Invest in Your Peace of Mind
It’s a well-known fact that most of us don’t have enough savings. You should have a special account with three to six months of living expenses readily available for your use. In addition you should have savings accounts for big ticket items you’re planning for, the kid’s college future and your own retirement. If you’re not totally squared away in these areas just yet, you can get at least a bit further ahead by using your tax return to help increase the amount you have in savings.
If you do have all of your savings accounts up to date and you don’t need to save this money, you don’t have to spend it right away either. Stash it in your savings account until you’re ready to spend it on something you really just can’t live without.
Invest in Your Education
While it’s unlikely your income tax return will be enough to pay for a full round of tuition, it will likely be enough to pay for a bit of summer school or a new certificate in something that interests you. With the economy recovering without a lot of jobs, getting trained in something that is being sought after like specialty medical technologies or HVAC and electrician trades will go a long way to launching a new career path.
If you’re content with your career, you can always use your money to invest in something that expands and enriches your mind. Perhaps you’ve wanted to learn a new language or gain a new skill in your area of business. This year’s tax return may be just the thing to pay for those learning opportunities.
Invest in Your Family
These have been tough years for many families, and quite a few families aren’t quite out of the woods just yet. Many families have put off major expenses like new cars, upgrades at home and even basic family vacations or entertainment options at home. Living in a household with a tight budget can be stressful, and unless you’re very creative it can be a challenge to find fun things to do with your slight amount of spending money.

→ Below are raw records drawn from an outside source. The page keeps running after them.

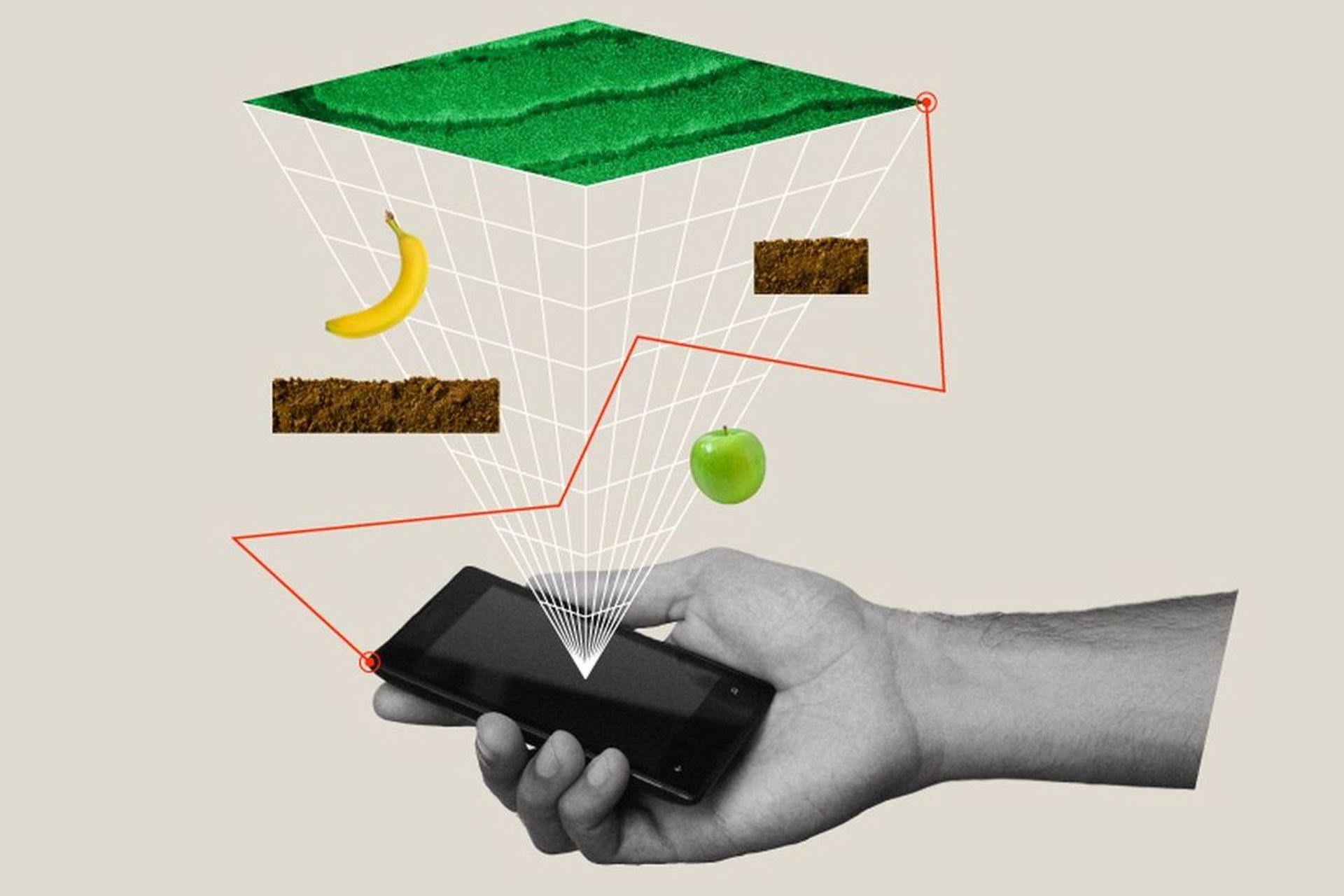 Un'illustrazione dell'aiuto di una App svizzera alla conservazione del cibo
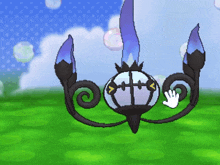 a cartoon drawing of a lantern with a hand reaching out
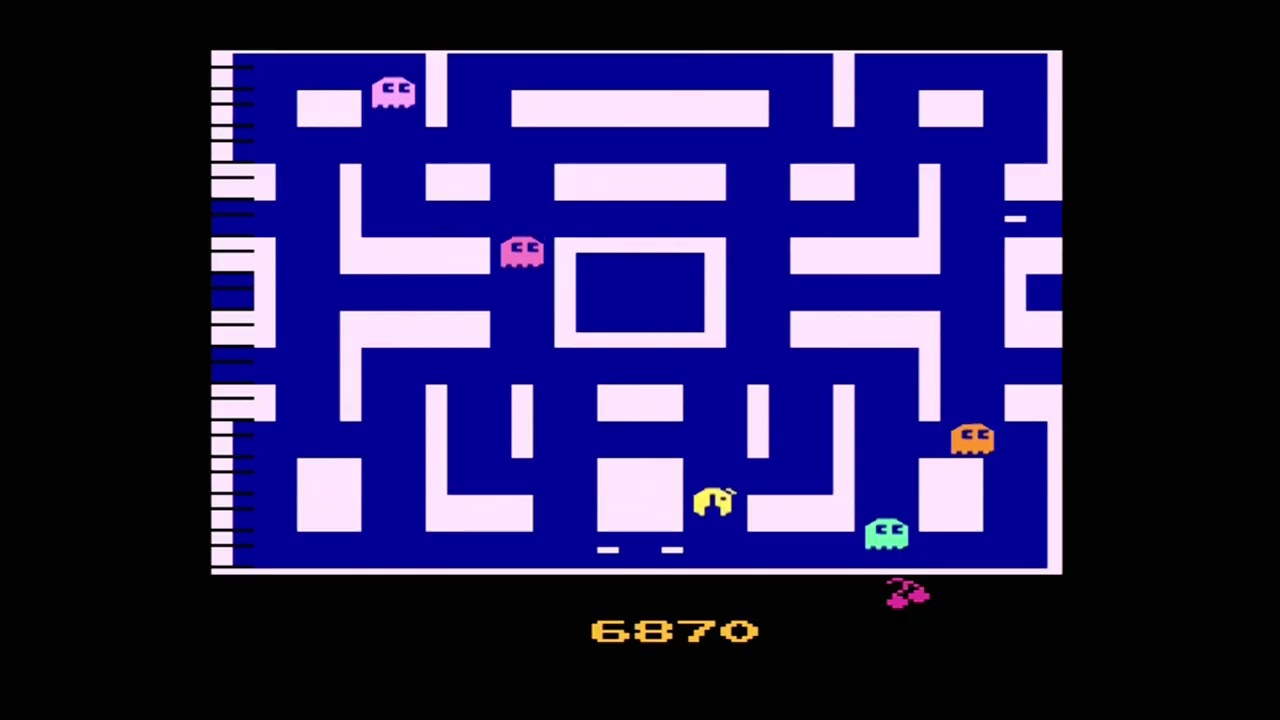 Ms. Pac-Man (Atari 2600) Game Play Video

Your tax return may be just the thing to jump start some new family memories and fun. Often, getting away for just a few days can be enough to refresh yourself, clear away the regular stress and tension from home and bring families closer together. If your family seems to be constantly stressed and tense, consider investing a bit of your tax return in some family fun.
Again, you don’t need to go over the top and take everyone on a 10-day tour through Europe, but if your crew is in need of a break, look into renting a vacation home for a week near the beach or on a lake. This may be more reasonable than you’d expect, and you wouldn’t have to spend much extra on food since you’d have a kitchen on hand. It’s important to remember, however, that spending on family fun should not be put before spending on basic necessities or your peace of mind.